From f1c346a634873c7f9f0e5cfcceb039b756c42788 Mon Sep 17 00:00:00 2001
From: Yavin7 <morgan07kelley@gmail.com>
Date: Tue, 16 Sep 2025 20:36:39 -0600
Subject: [PATCH] Renamed decompressed_files/ to out/ Fised a lot of logic Set
 starting bit to 0x800, since that's after a big blank space in files, is the
 method bit we are expecting (0x0B) every time, and works to decomp all files
 (wow!)

---
 .gitignore |   2 +-
 main.py    | 178 ++++++++++++++++++++++++++++-------------------------
 2 files changed, 95 insertions(+), 85 deletions(-)

diff --git a/.gitignore b/.gitignore
index 31c33a6..b68a1ac 100644
--- a/.gitignore
+++ b/.gitignore
@@ -1,6 +1,6 @@
 # Project Specific
 bin_extract/*
-decompressed_files/*
+out/*
 bzz_mudule.py
 
 # Byte-compiled / optimized / DLL files
diff --git a/main.py b/main.py
index ac21844..461d7a5 100644
--- a/main.py
+++ b/main.py
@@ -1,171 +1,166 @@
+import os
 from bitarray import bitarray
+from pathlib import Path
 
 
 class BZZCompressor:
-    def decompress(self, input_file_path) -> bytes:
+    def decompress(self, input_file_path, input_file, output_folder="out/") -> bytes:
         data = bitarray(endian="big")
-        output_buffer = bitarray(endian="big")

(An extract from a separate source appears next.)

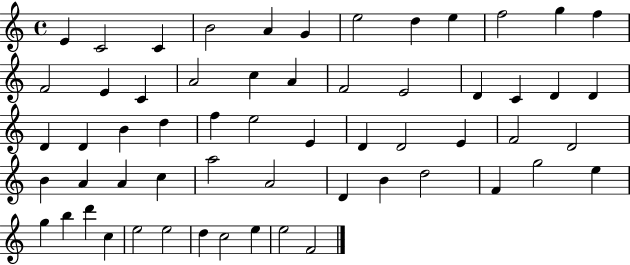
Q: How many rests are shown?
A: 0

+        output_buffer = bytearray()
+        index = 0x800
 
         # read the input file
         try:
-            with open(input_file_path, "rb") as input_file:
+            with open(f"{input_file_path}/{input_file}", "rb") as input_file:
                 data.fromfile(input_file)
+                data = data.tobytes()
         except IOError:
             print("Could not open input file...")
             raise
 
         if len(data) > 9:
             # Getting our method, this is likely imprecise, since I'm one dealing with one method type, but it gets what I want
-            method = data[0:8] | bitarray("00001010")
+            method = data[index]
             # We move on to the next byte in data
-            del data[0:8]
+            index = index + 1
 
             # Gathering variables based on the method according to https://problemkaputt.de/psxspx-cdrom-file-compression-bzz.htm
             # Note: bin(int)[2:].zfill(8) converts a number to an 8-bit binary string
 
             # `>> 3` is the same as dividing by 8
-            shifter = (method >> 3) & bitarray(bin(0x03)[2:].zfill(8))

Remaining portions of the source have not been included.